→ Excerpted records:
——————
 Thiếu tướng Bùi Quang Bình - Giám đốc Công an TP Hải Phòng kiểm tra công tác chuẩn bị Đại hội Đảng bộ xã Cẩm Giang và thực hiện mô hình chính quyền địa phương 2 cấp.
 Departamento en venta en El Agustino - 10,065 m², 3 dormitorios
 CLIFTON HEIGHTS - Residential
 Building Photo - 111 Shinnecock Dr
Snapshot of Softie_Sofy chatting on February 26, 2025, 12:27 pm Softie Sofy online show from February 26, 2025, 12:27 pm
——————
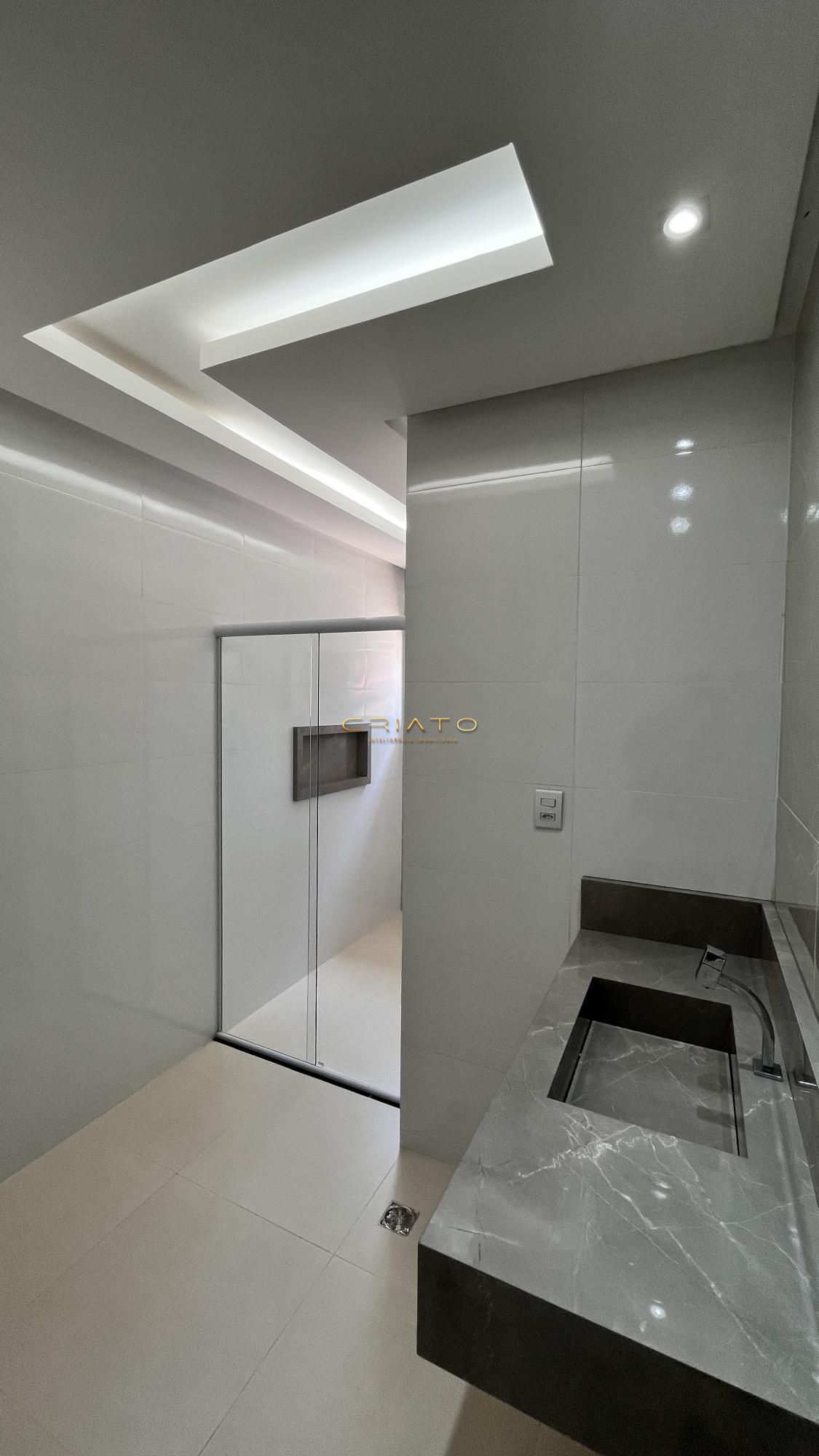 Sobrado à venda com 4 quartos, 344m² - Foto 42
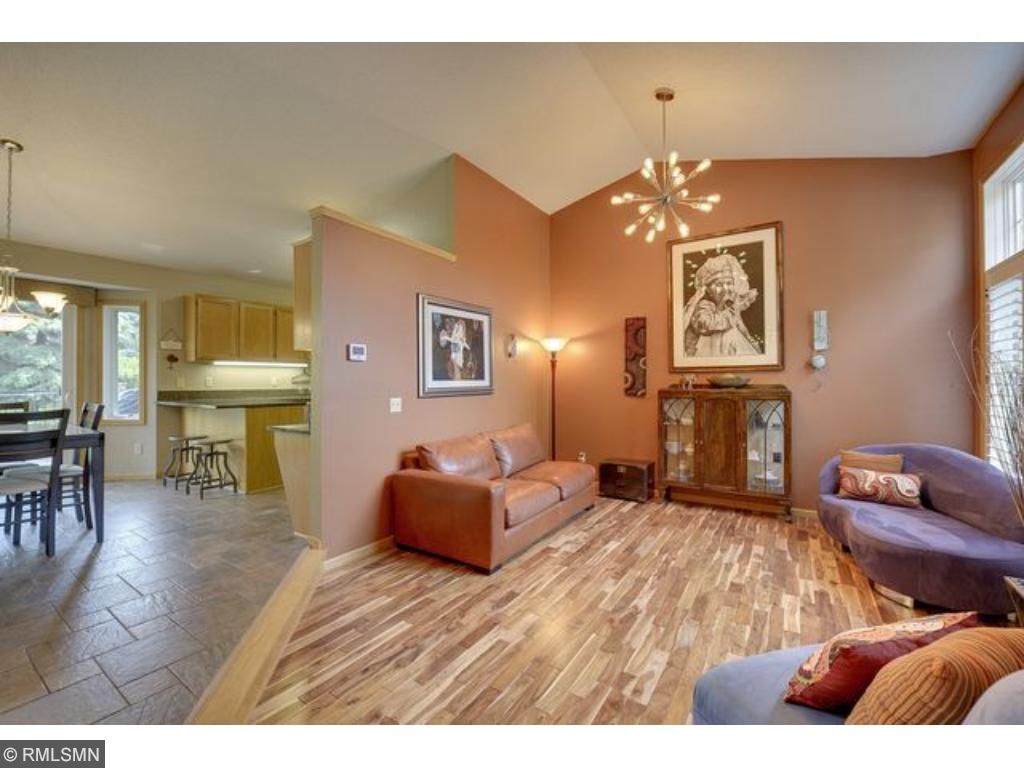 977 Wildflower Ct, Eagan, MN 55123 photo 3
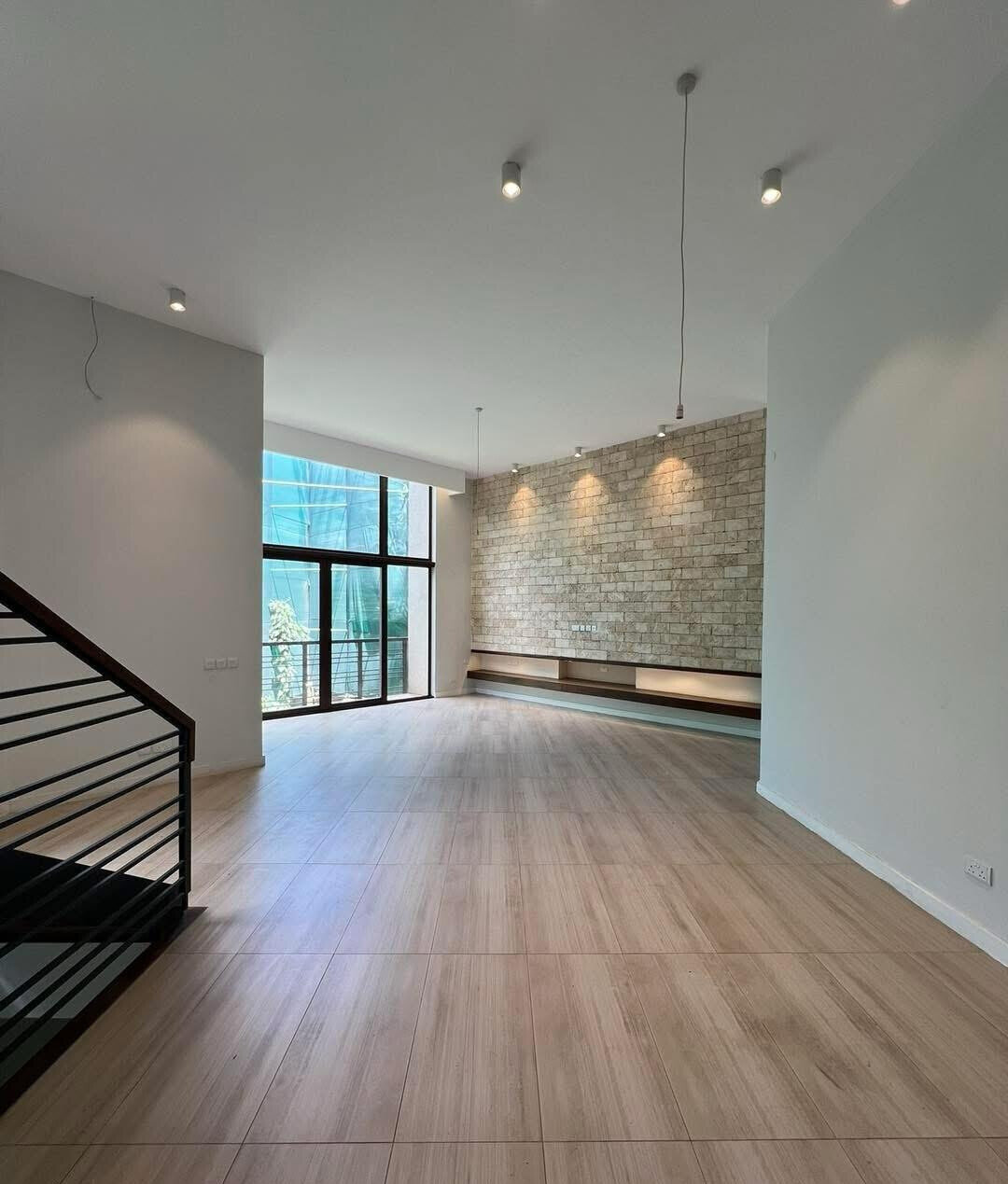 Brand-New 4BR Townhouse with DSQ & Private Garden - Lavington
——————
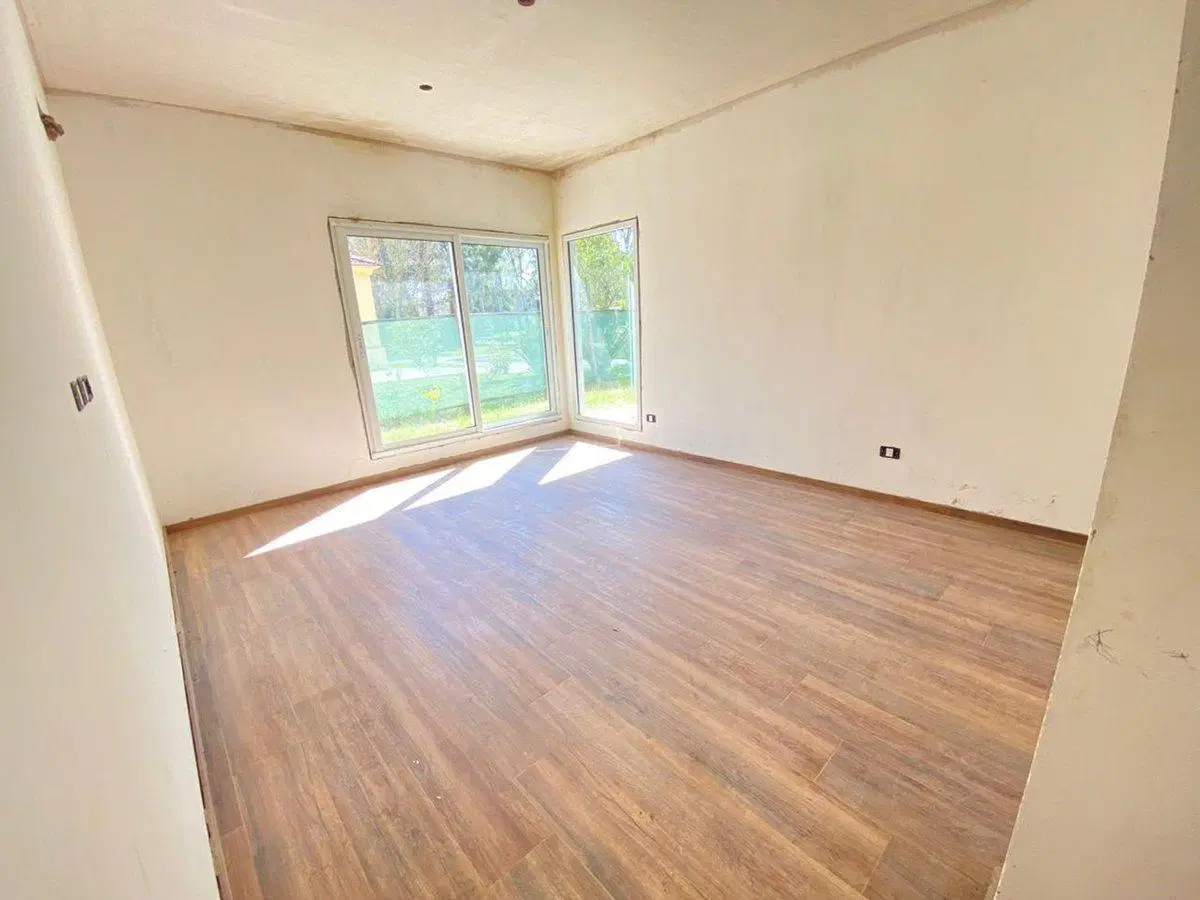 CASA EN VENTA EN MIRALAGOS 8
——————
→ Aim of the task:
Reproduce, exactly and only, the lines of the records above starting at the line with "Sobrado à venda" and ending at the line with "Brand-New 4BR Townhouse", both included. Leave every picture out.

→ Result of this task:
 Sobrado à venda com 4 quartos, 344m² - Foto 42
 977 Wildflower Ct, Eagan, MN 55123 photo 3
 Brand-New 4BR Townhouse with DSQ & Private Garden - Lavington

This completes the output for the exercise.